Here is what each line does:

  • import ...: We bring in our toolkit. tensorflow / keras is for building the brain, numpy for number crunching, and matplotlib for visualizing the images.
  • keras.datasets.fashion_mnist.load_data(): Keras has this dataset built-in. This single line downloads the 70,000 images and automatically splits them into two piles: 60,000 images for training (learning the patterns) and 10,000 images for testing (evaluating performance). These are returned as four NumPy arrays with specific structures:
    • train_images: A 3-dimensional array of shape (60000, 28, 28). The first number (60,000) is the total count of images in the training set. The next two (28, 28) represent the height and width of each image in pixels.
    • train_labels: A 1-dimensional array where each element is an integer (0-9) representing the label for the corresponding image in the training set.
    • test_images: A 3-dimensional array of shape (10000, 28, 28) representing images in the test set.
    • test_labels: The 1-dimensional array of labels for the test set.
  • class_names: The labels in the dataset are numerical (0-9), representing the 10 categories. This isn't very intuitive for us. We want to see human words. So we create this list with the human-readable names of the 10 categories. Later, we will use this list to translate a numerical label like "7" into a word label like "Sneaker."
  • plt.imshow(...), plt.title(...), plt.show(): These commands work together to draw the image on the screen, add the correct label as a title, and finally display the plot so we can verify the data looks correct. train_images[0] grabs the first image in the training set, which gives us a 2-dimensional grid (28×28) of pixels representing the first shoe. We then draw this grid on the screen.

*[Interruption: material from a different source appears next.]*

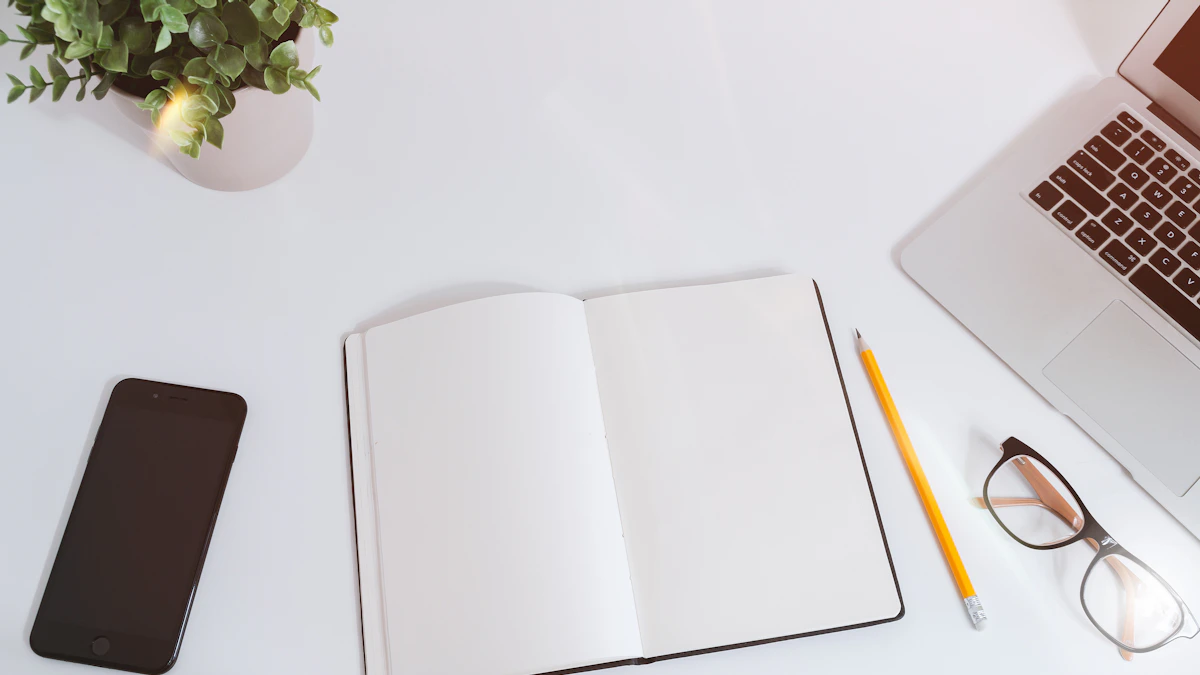 An open notebook beside a phone and laptop on a white desk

Step 1: Preprocess the Data

Data preprocessing is the essential step of cleaning and formatting raw data before feeding it into an AI model. Think of it like washing vegetables before cooking—raw data is often messy or in the wrong format for the "recipe."

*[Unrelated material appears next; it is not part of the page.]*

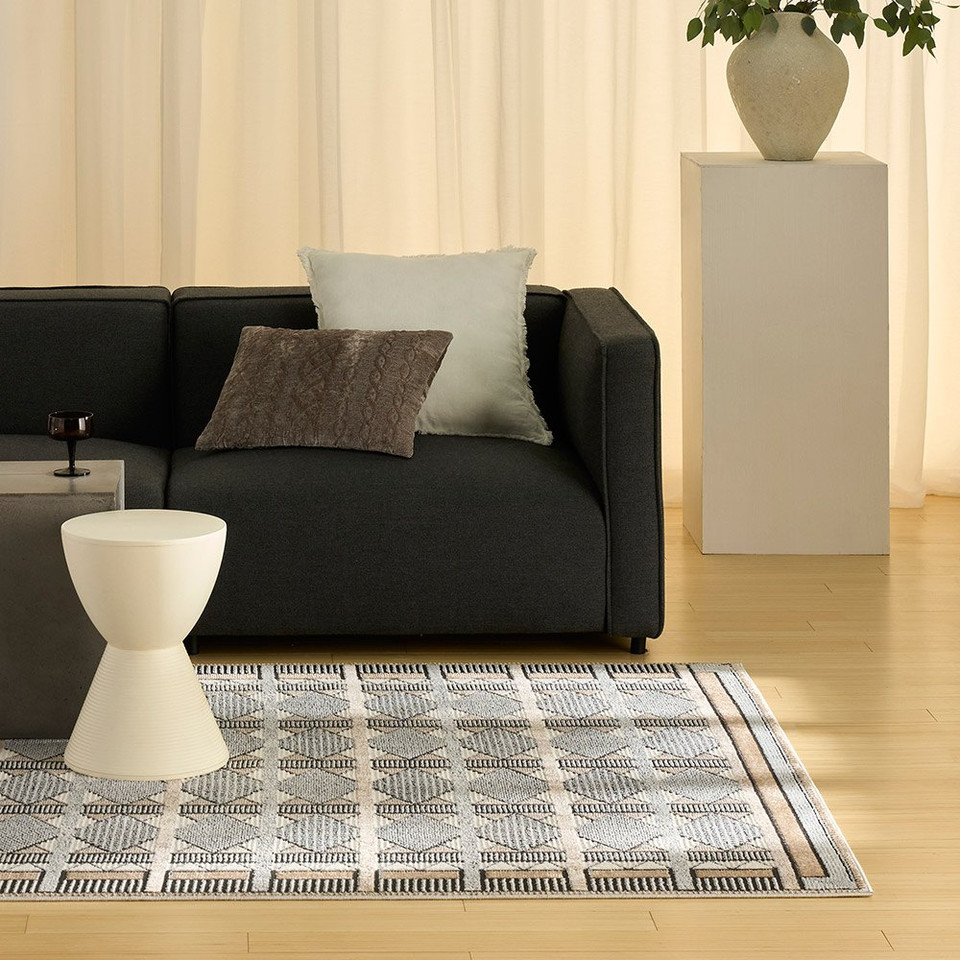 beige black geometric rug in a living room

In our case, we need to perform Normalization on the image data. The raw pixel values in our images range from 0 to 255. However, neural networks prefer small numbers (0-1) over large ones (0-255). By dividing our pixel values by 255.0, we scale the data down to a range between 0 and 1. This simple math trick makes training faster and more stable.

# Scale pixel values from [0, 255] to [0.0, 1.0]

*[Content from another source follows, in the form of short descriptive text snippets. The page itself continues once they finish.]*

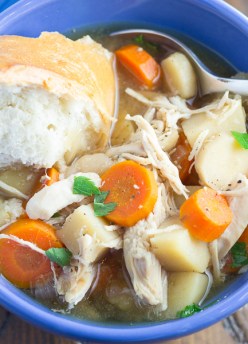 chicken stew in blue bowl with bread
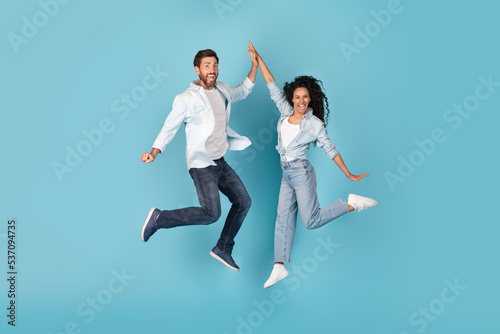 Excited cheerful millennial caucasian and arabic couple jumping in air, give high five, on free space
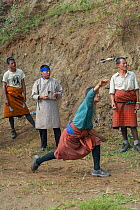 Men playing with wooden darts known as khuru, played during festivals. Bhutan. September 2013.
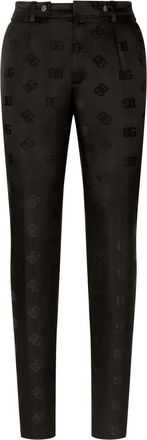 Dolce & Gabbana monogram-jacquard tapered-leg trousers - men - Polyamide - 48 - Black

train_images = train_images / 255.0
test_images = test_images / 255.0

When we write train_images / 255.0, it divides every single number inside the 3-dimensional array train_images by 255.0 at once.

Step 2: Build the "Baseline" Model

This is where the magic happens. Before writing the code, let's design the blueprint for our baseline neural network model. The model has exactly two layers:

  1. Input Layer: This is where we feed data into a neural network. Neural networks typically require input in the form of a vector (a simple list of numbers). Since our images are grids of 28×28 pixels, we will "flatten" them into a vector. We simply take the first row of pixels, attach the second row to the end of it, and repeat for all rows to form one single long line of 784 (=28×28) input values and feed them into the network.
  2. Output Layer: This is the decision maker. We must use exactly 10 neurons here because our dataset has 10 categories of clothing. Each neuron outputs a probability score. To make the final decision, we look at all 10 scores and pick the category with the highest probability.
model = keras.Sequential([
    keras.layers.Input(shape=(28, 28)),          # Define input shape
    keras.layers.Flatten(),                      # Flatten 28x28 to 784 pixels
    keras.layers.Dense(10, activation='softmax') # Output layer (10 classes)
])
  • keras.Sequential(...): This creates a simple "stack" of layers, where data flows from the first layer to the last sequentially.
  • keras.layers.Input(shape=(28, 28)): This explicitly tell the network the input is a 2-dimensional array of size 28×28.
  • keras.layers.Flatten(): This transforms the format of an images from a 2-dimensional array (of 28×28 pixels) to a 1-dimensional array (of 784 pixels).
  • keras.layers.Dense(10, ...): This creates the output layer with 10 neurons.
    • activation='softmax': The softmax function forces each neuron to output a probability score that sums to 100% (or 1.0).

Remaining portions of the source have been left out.